You’re often kept a secret (because business people are weirdly shameful about not knowing how to do something we all spend our lives studying, perfecting, and redefining, and if there’s one thing businesses don’t want their customers to know they’re outsourcing, it’s the words we write for them).

So, we need to holler from the rooftops when it all comes together and works. However…

Don’t let someone else’s copy celebrations get in the way of you starting from where you are and getting on with it.

When you see that copywriter’s stuff, breathe

Because you know what? It doesn’t even mean you won’t have similar success (genuine success not crazy marketing claims).

Give yourself a break.

You can only start from where you are, and comparing yourself to other copywriters can be paralysing. Remember, you’re usually not seeing the full, behind-the-scenes picture of all those other Instagram shareable successes.

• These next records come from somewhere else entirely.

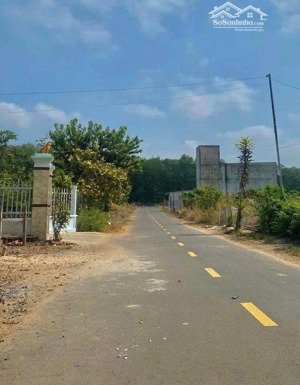 5000m2 vườn mít gần kcn mà giá chỉ 100k/m2 quá hời luôn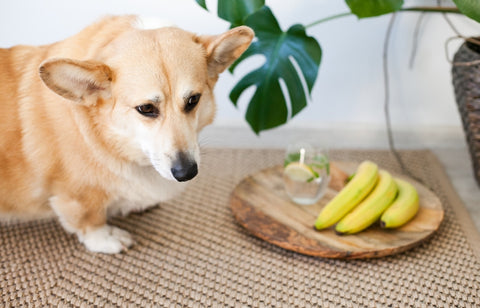 Corgi and bananas, dog at home on jute rug, and monstera green plant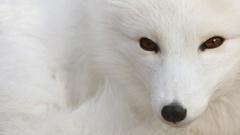 Animals arctic fox foxes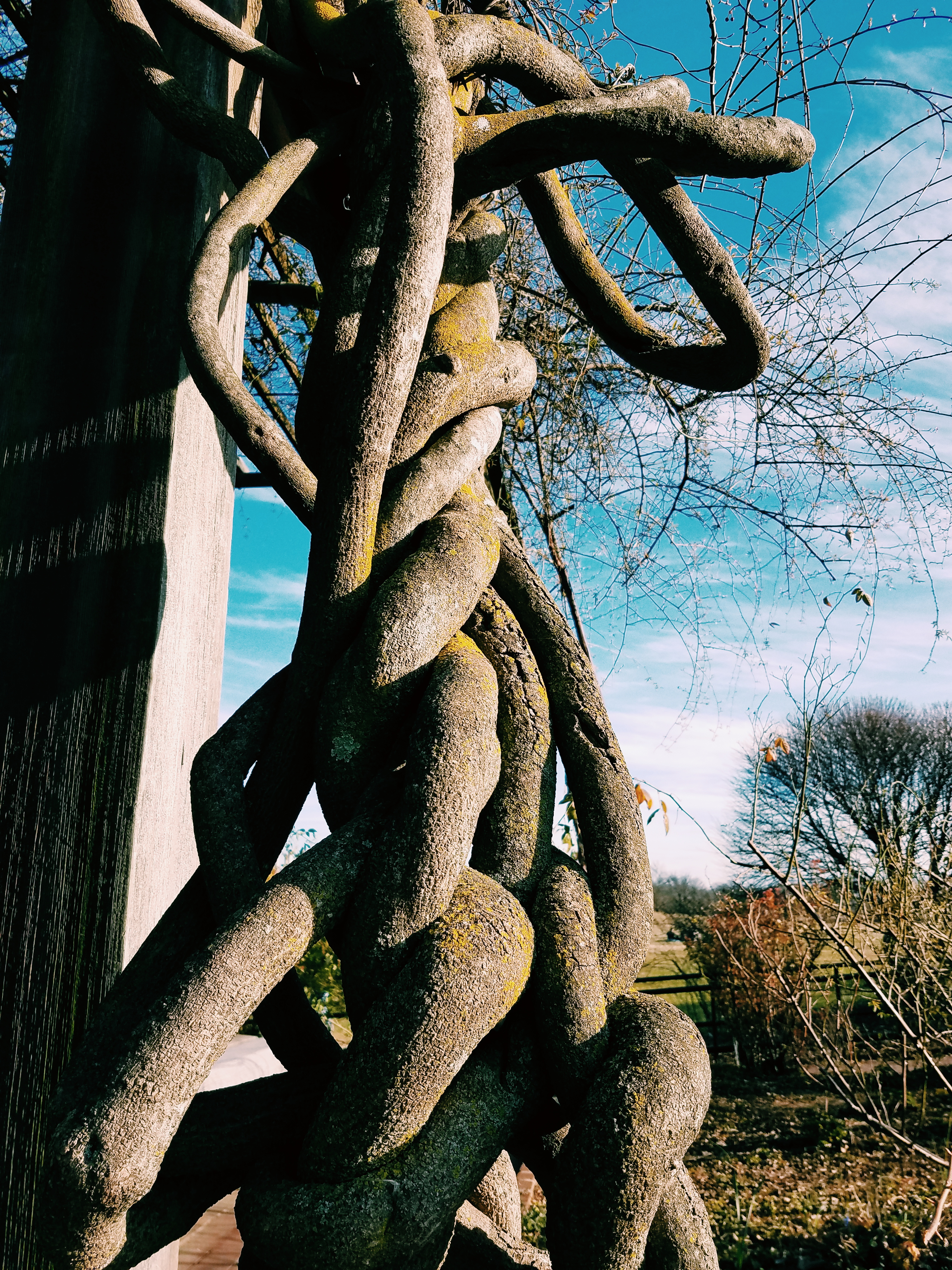 Processed with VSCO with c1 preset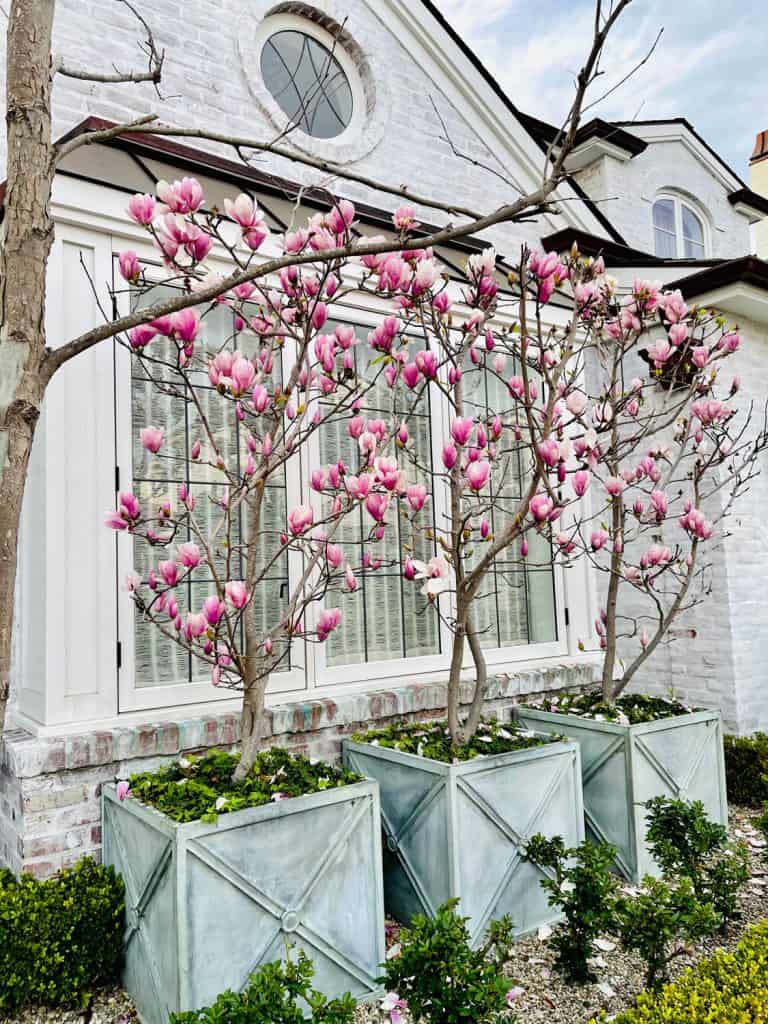 Pink Magnolia blossoms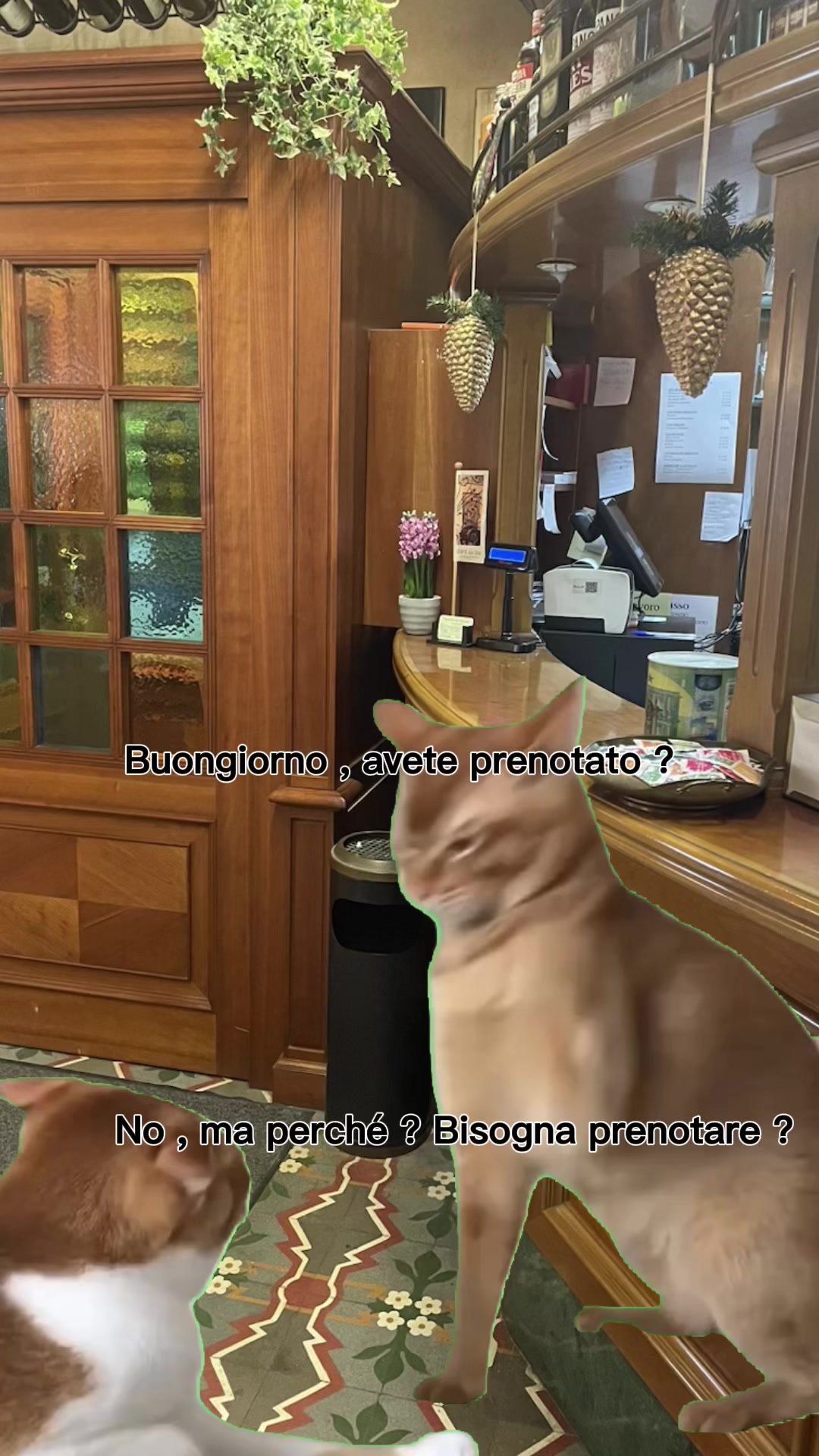 @Isabella Pesenti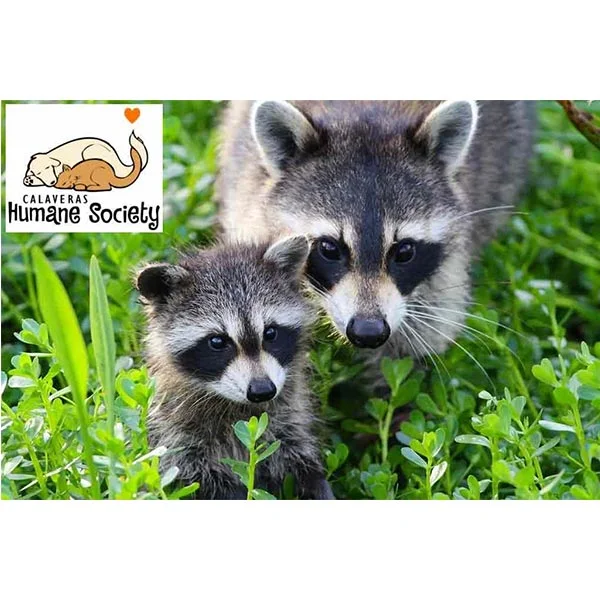 Seeing raccoons during the day?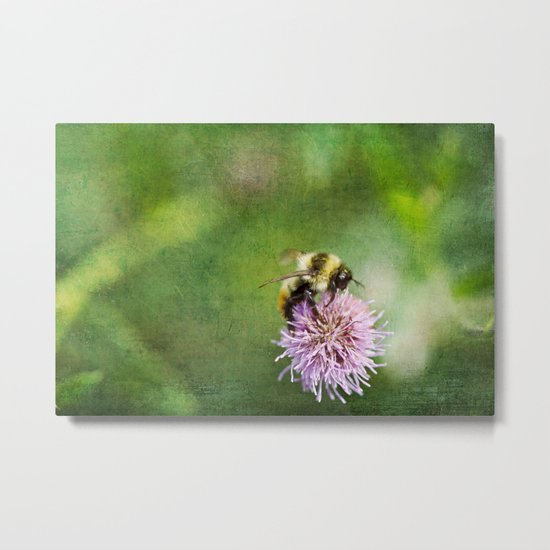 Summer is not over ... Metal Print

They don’t normally post about their ‘Everything-I-write-is-crapola’ days.

Next time you’re on Facebook, read through your favourite marketing group celebration day, and decide you’re going to go stack shelves at your local supermarket, just wait a bit. Think about the whole picture, not just the last genius stroke of paint at the end.

Empower yourself

Remember, get some perspective, and don’t believe everything anyone in marketing says.

And last of all, persist. You’re probably not a cruddy copywriter, but if you’re new to the scene, or established with nagging doubts, or in the habit of consuming everyone else’s stuff without giving props to your own. Stop that.


21st February 2020

Rosalyn Newell

A woman after my own heart, calling out the instagurus like that! Yep, that’s what they’re called, and I coined the term – like insta-mash except you just add hot air.

I think the worst is when they don’t just use this to try to sell to clients, but to sell to *other copywriters*. The same people they’re intimidating. It’s funny when they do those courses, and you get people who did the courses doing their own courses, to attract the next lot of course-makers. It’s like an MLM, really. Or an ouroboros. Or a human centipede.

I agree with the rest, too. Doesn’t help to compare ourselves to others – least of all a mirage.